The day after taking the case, Crump called Rev. Al Sharpton, who began a dogged campaign to mention the story on the airwaves. By March 5, Crump had found a publicist, Ryan Julison, to work the case pro bono. Julison began pitching the story to press using Martin’s family to elicit sympathy. “I got on the phone with Tracy Martin and I told him, ‘It’s not going to be any fun, but this is the only way to find justice,’” Julison explained to Reuters. “You are going to have to bare your soul and express your emotions and your inner grief.”

So Martin’s parents dedicated themselves to publicizing their plight, giving interviews, maintaining an active twitter account, and creating a foundation only a few weeks after their son’s death. “I think his parents were really courageous,” says Rashad Robinson, president of Color of Change.”Taking a moment that anyone would’ve totally understood if they went inward and decided to just mourn as a family, and realize that something was wrong, and instead reach out and push for the story to be told.” On March 7, Reuters ran a feature on Martin’s parents quest for justice; the next day CBS This Morning filmed a segment.

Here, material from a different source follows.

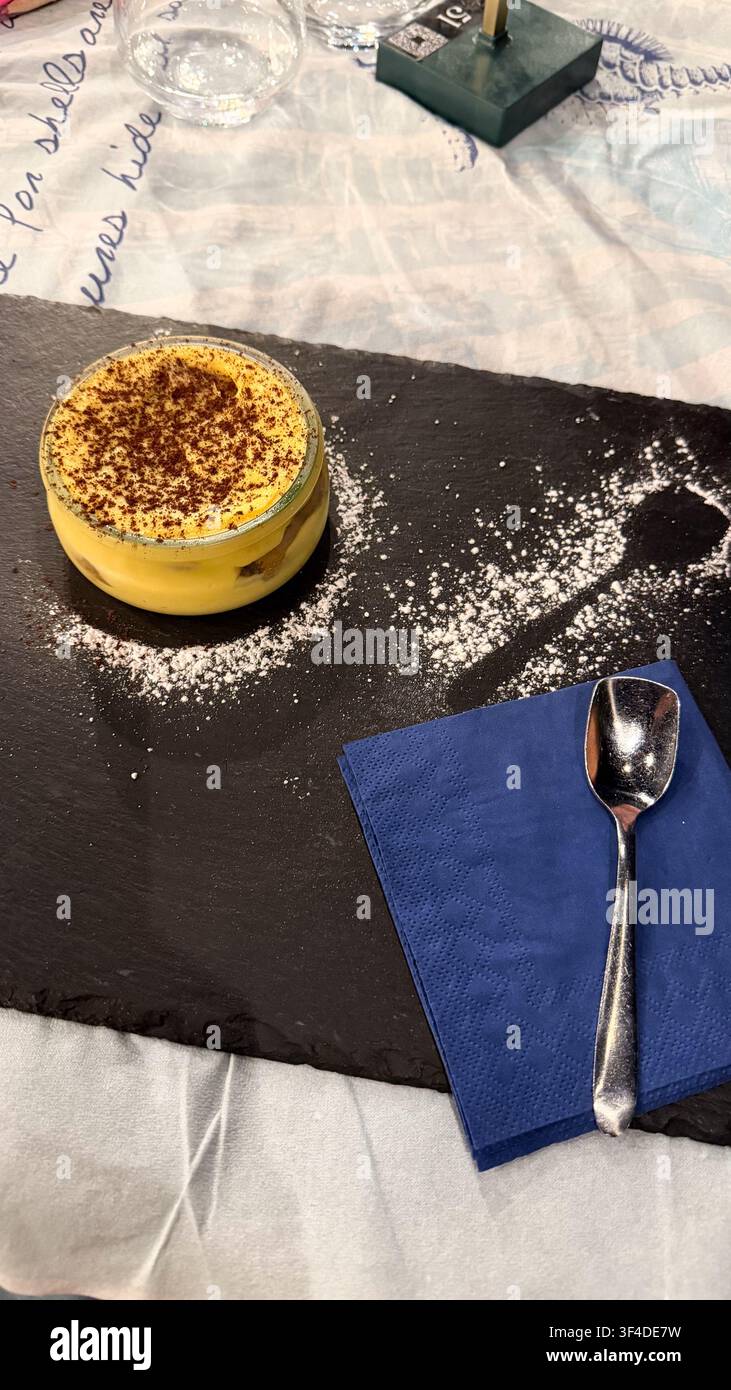 Klassisches italienisches Tiramisu-Dessert. Köstliches süßes italienisches Tiramisu serviert. Hausgemachte italienische Küche. Kalabrien, Italien. Der Teller mit Tiramisu. - Smartphone-aufgenommenes Stockfoto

A few days later, a 31-year-old attorney living in Washington DC read the Reuters story and filled out a Change.org petition, calling for Zimmerman’s arrest; Jon Perri, a campaign director at Change.org, saw a chance to make the cause spread. “The petitions that are going to be the most successful are those that tell a personal story about whomever is going to be affected,” said Perri. He contacted Martin’s parents, rewrote the document to include family stories, and transferred the petition to their name. He sent the petition in an email to about a million Change.org users; 10 days later, the document had over a million signatures. (Researchers at the MIT media lab tracked Martin’s story through the press and found that it was his parents and advocates, not the Internet, that really got the word out.)

Back in Oakland in 2009, activists had to raise a similar stink to demand Mehserle’s arrest. (Like with Zimmerman, Mehserle’s arrest wasn’t immediate; it took two weeks for him to be charged after the shooting.) But Grant’s family played a less pivotal role in the coverage.